Supplied information:
-- Opening Marker --
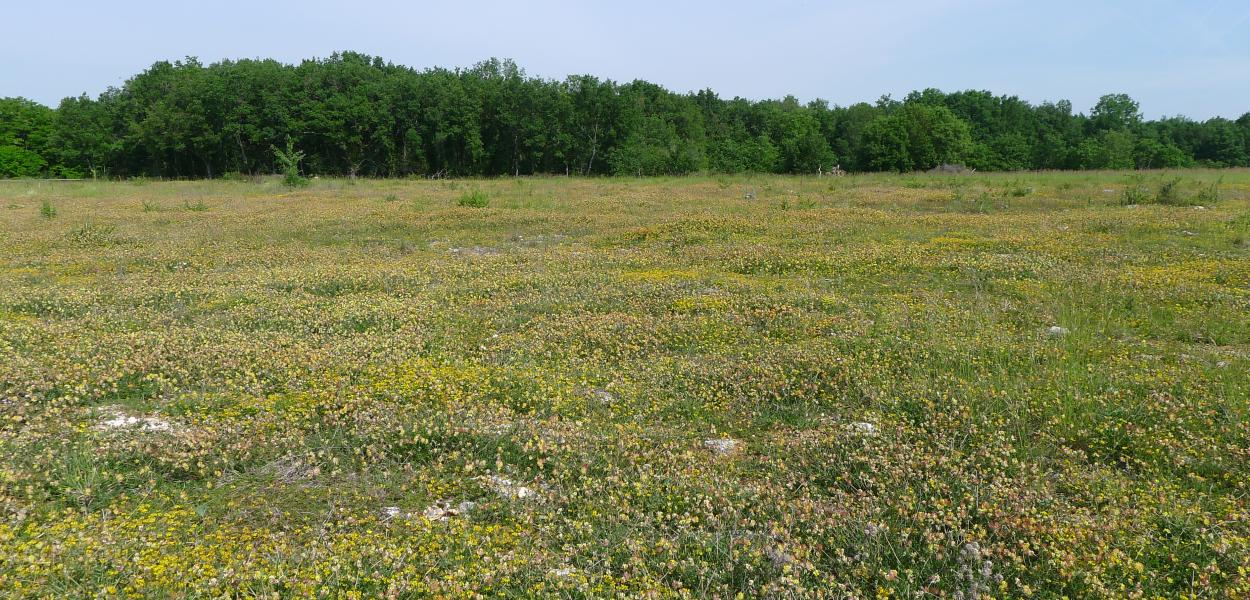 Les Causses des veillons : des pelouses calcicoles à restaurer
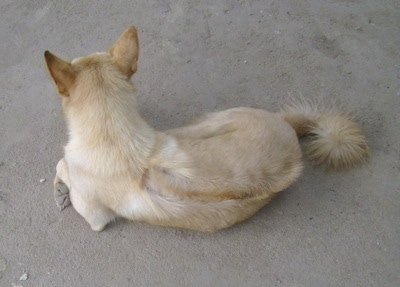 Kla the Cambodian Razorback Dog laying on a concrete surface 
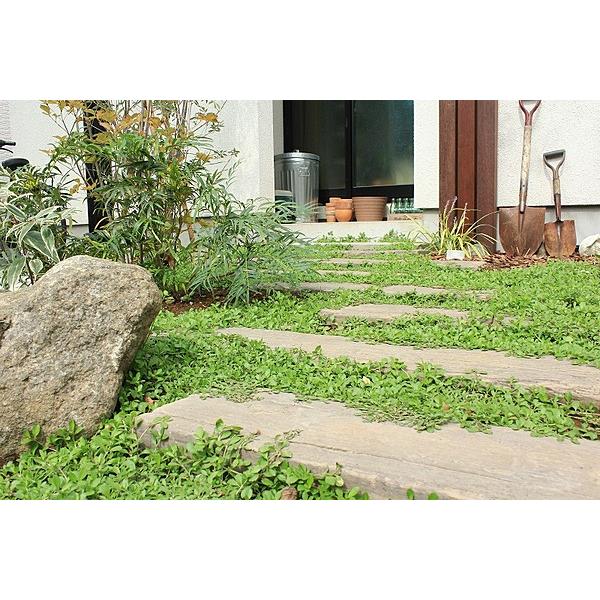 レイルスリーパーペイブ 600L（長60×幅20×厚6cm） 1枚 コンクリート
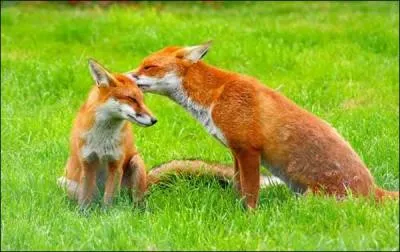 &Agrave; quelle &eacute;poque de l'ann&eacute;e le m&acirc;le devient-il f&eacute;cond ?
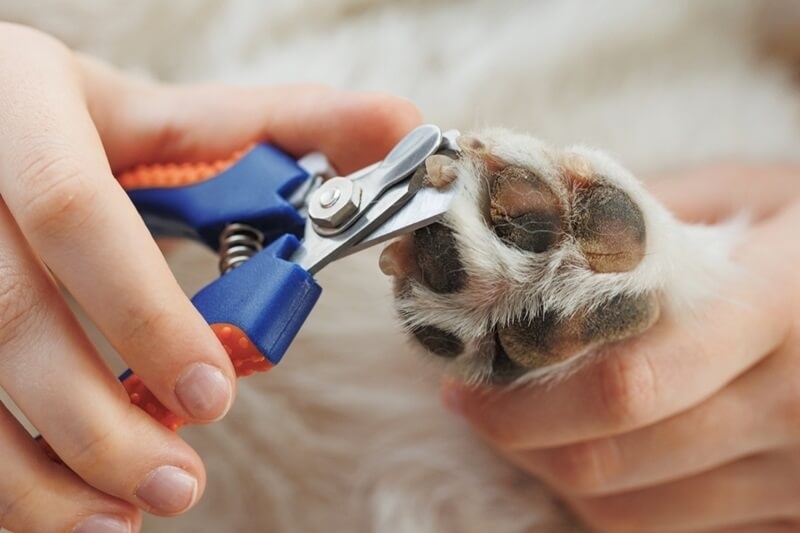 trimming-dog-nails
-- Closing Marker --
-- Opening Marker --
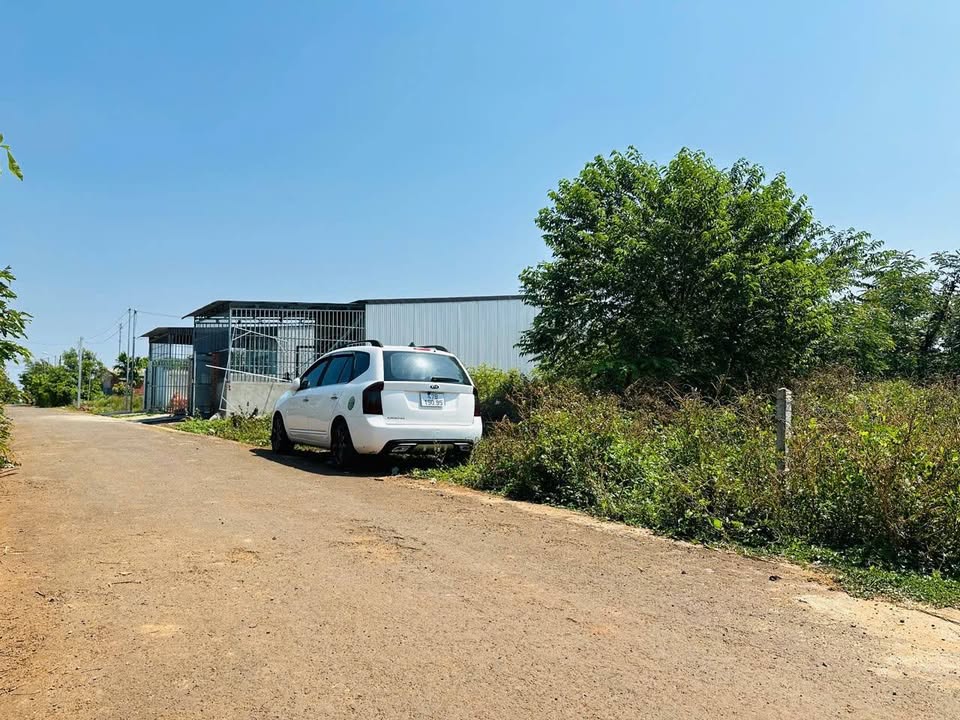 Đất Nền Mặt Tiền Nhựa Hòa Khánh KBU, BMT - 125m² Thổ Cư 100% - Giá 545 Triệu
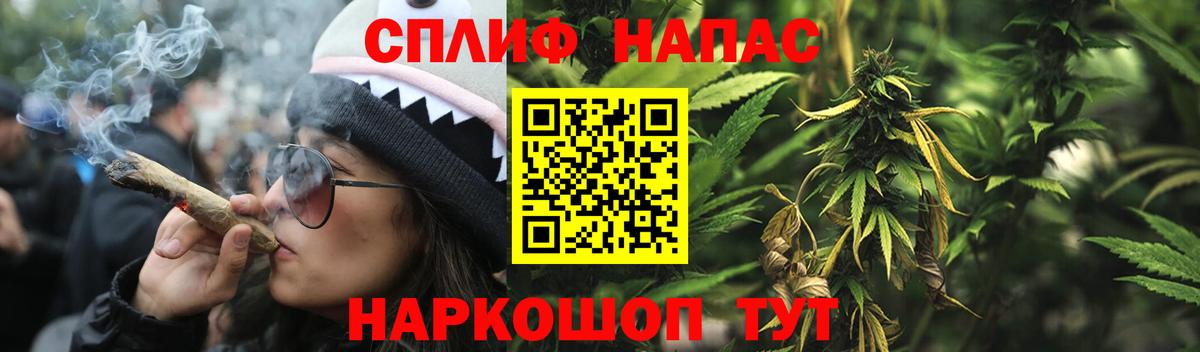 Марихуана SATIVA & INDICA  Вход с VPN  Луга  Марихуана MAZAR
-- Closing Marker --
Work instructions: In the listing above, find the line containing "レイルスリーパーペイブ 600L（長60×幅20×厚6cm） 1枚 コンクリート" and the line containing "trimming-dog-nails". Print those two lines and every line between them exactly, with no pictures.

Result of the task:
 レイルスリーパーペイブ 600L（長60×幅20×厚6cm） 1枚 コンクリート
 &Agrave; quelle &eacute;poque de l'ann&eacute;e le m&acirc;le devient-il f&eacute;cond ?
 trimming-dog-nails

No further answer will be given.